Typically, curative treatment these days involves combining chemotherapy and radiation, reserving surgery for salvage in the case of an incomplete response or recurrence.  Patients have severe mucositis, inflammation of the oral cavity and the throat, and oftentimes require a feeding tube for nutrition. They lose their sense of taste, they are hoarse, their mouths are intolerably dry, and they are fatigued and miserable.  The good news, however, is that the majority of these patients are cured, even with advanced stage disease.  Many go on to be advocates for others just starting on their journeys.

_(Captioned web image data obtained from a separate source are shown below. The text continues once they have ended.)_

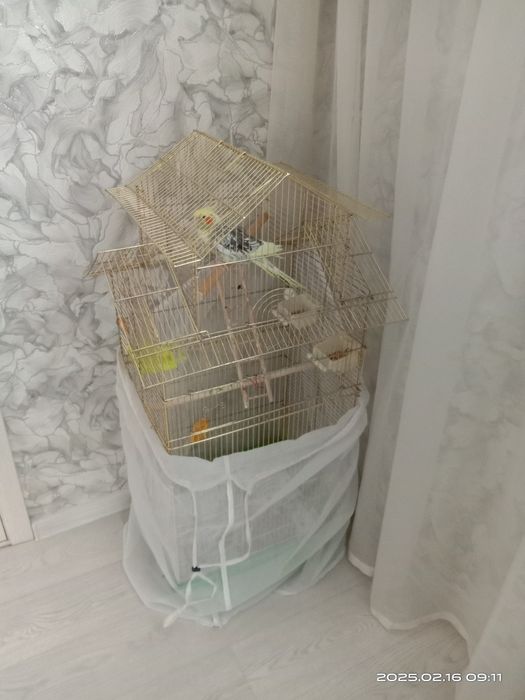 Продам попугай .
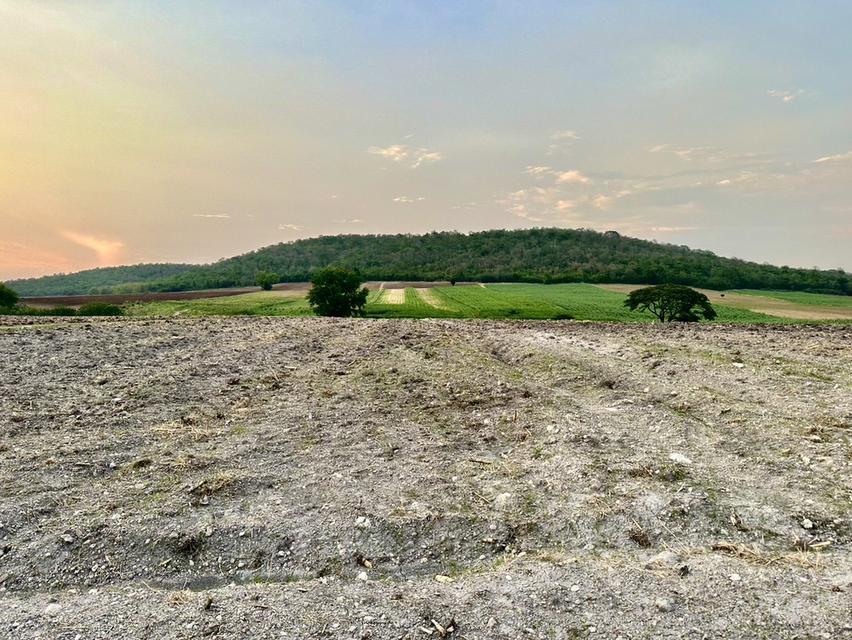 ที่ดิน แก่งคอย สระบุรี สด ผ่อนได้  15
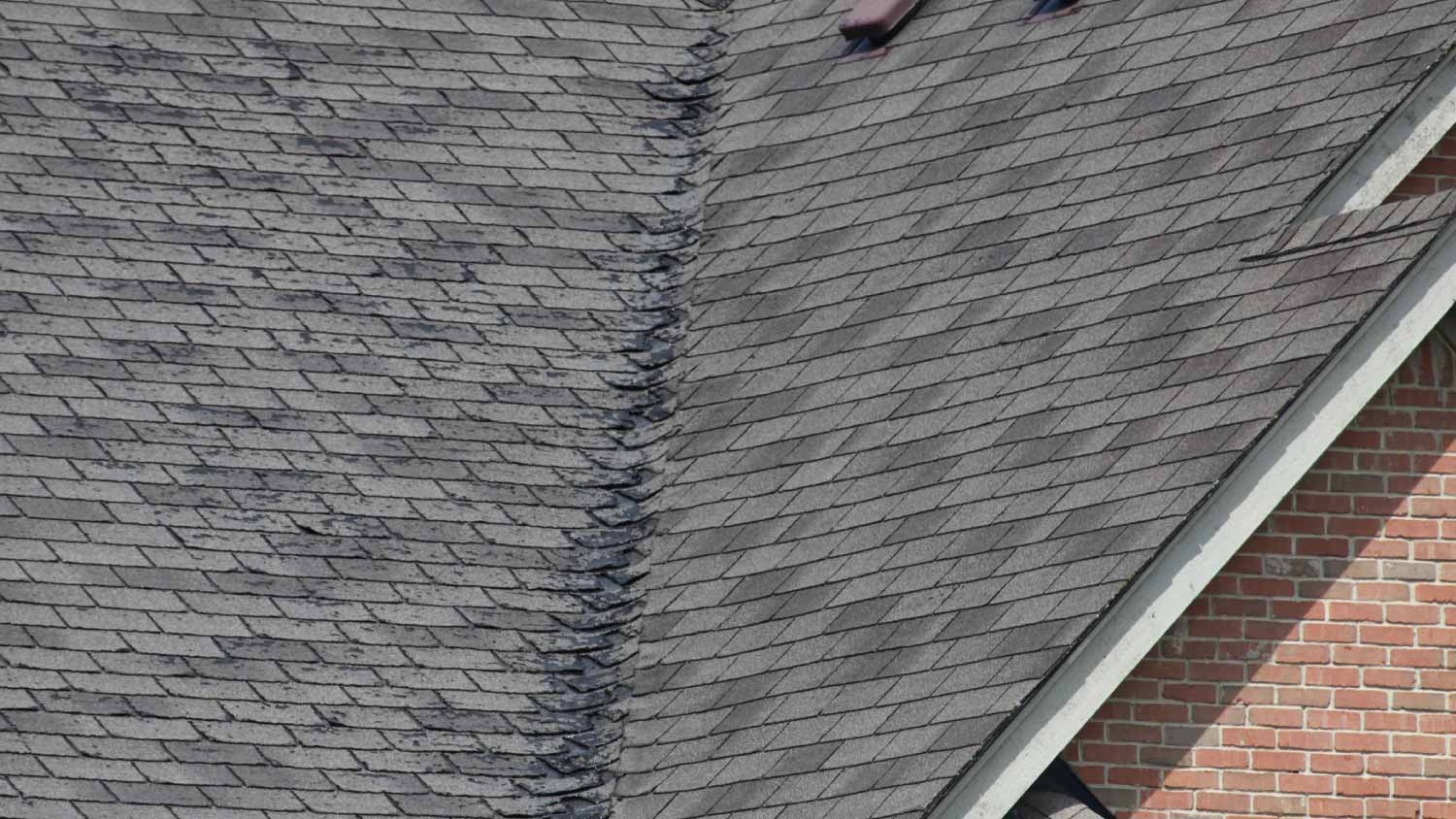 damaged roof shingles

It was with this in mind that my patient’s ear nose and throat doctor asked if she would mind speaking to a man of similar age and circumstance who had been recently diagnosed.  Of course she agreed.  She had been through the war, won the battle and wanted to help if she could.  She called him and they spoke at length about treatment side effects.  But something seemed a little “off.” Soon he was calling and texting her daily.  He wanted to meet her.  She politely declined, but she invited him to attend an event at our cancer center celebrating survivorship, and the role of complementary therapies.  He wanted more.  Soon his urgent text messages dominated her cell phone, culminating in the question, “So how did you get your HPV infection?  You must really like oral sex!”   She got a restraining order.

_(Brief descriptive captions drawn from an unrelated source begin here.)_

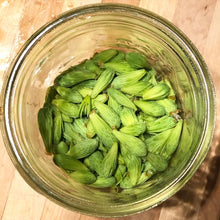 Load image into Gallery viewer, Spruce Tips - Next Day Shipping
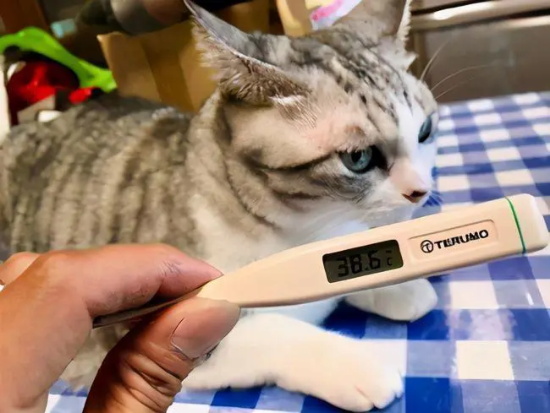 幼猫腹泻怎么办 幼猫腹泻治疗手册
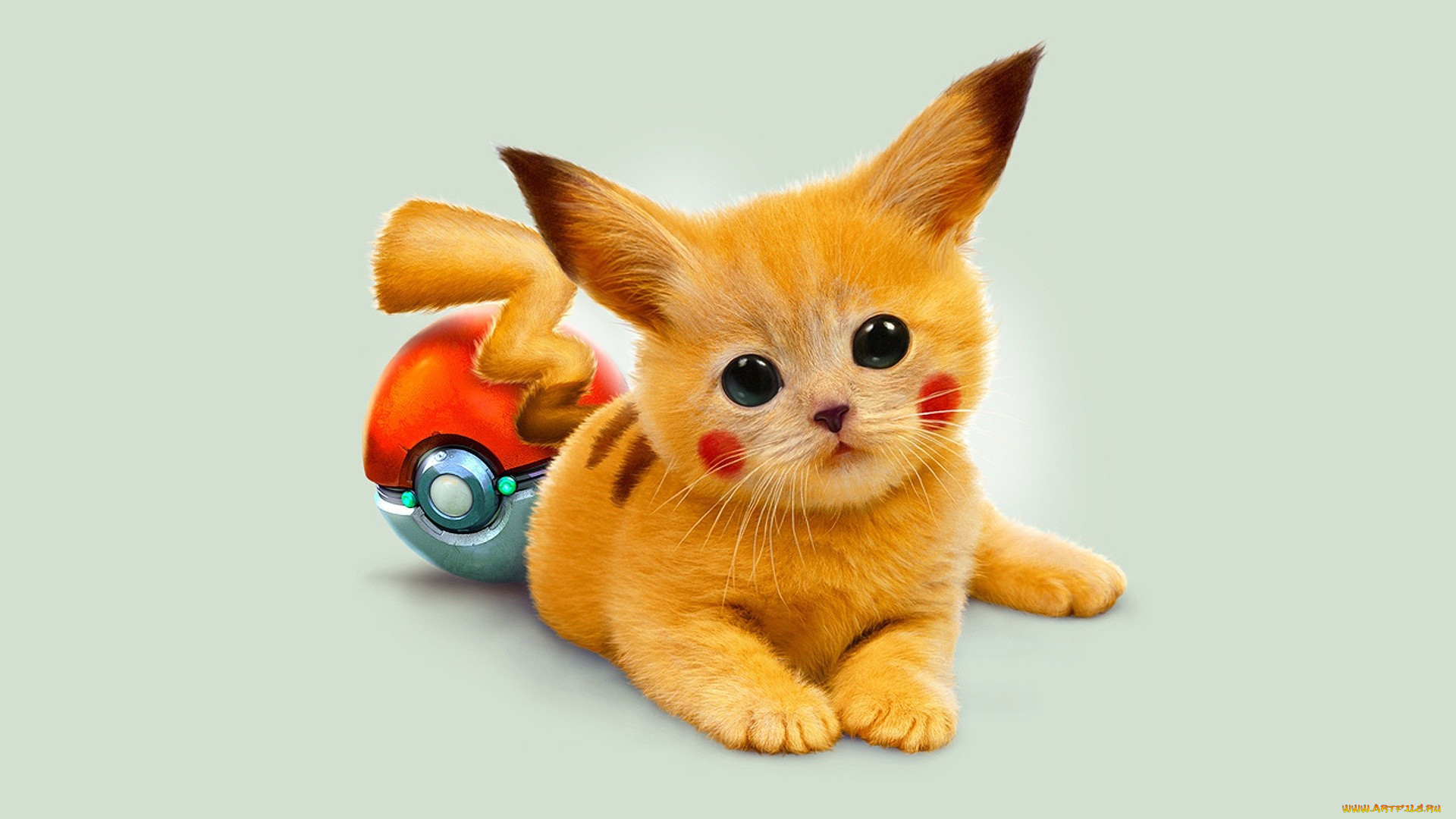 , pokemon,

I saw another patient a week ago with breast cancer for an initial consultation.  She was very nervous, unduly so considering that her cancer was detected very early and she had completed her lumpectomy and sentinel node dissection.  The tumor was tiny, the nodes were negative and she was not going to need chemotherapy.  When I could not dispel her anxiety, she finally confessed that another breast cancer patient of mine had sent her a picture on her cell phone of her breast at the end of treatment, at the peak of her skin reaction.  This other patient had undergone chemotherapy first, which sensitizes the skin to radiation; she was large breasted which also increases the skin reaction; and she had refused to follow advice regarding her skin reaction.  She had an area of moist desquamation—peeling skin—in the inframammary fold.  She is now completely healed, with no permanent skin changes, but in the interim she deemed it important to frighten a new patient nearly to the point of refusing therapy.

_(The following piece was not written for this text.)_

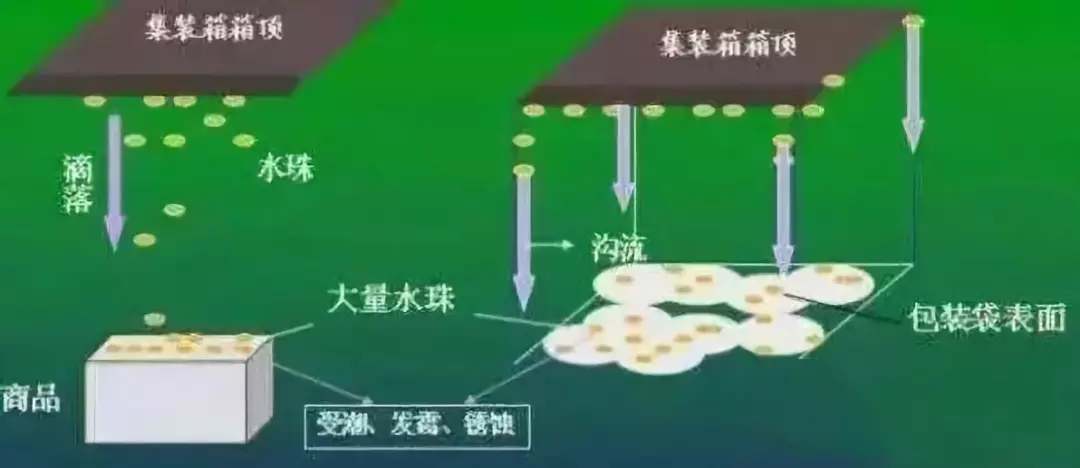 外貿(mào)出口代理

Many years ago another head and neck cancer patient said to me, “When I found out I had cancer, I joined a club that I never wanted to be a member of.”  Support groups can be wonderful—many of my patients tell me they have met their best friends at group support meetings.  But always beware of people with hidden agendas.  When it comes to cancer support, there are far too many of these.

Miranda Fielding is a radiation oncologist who blogs at The Crab Diaries.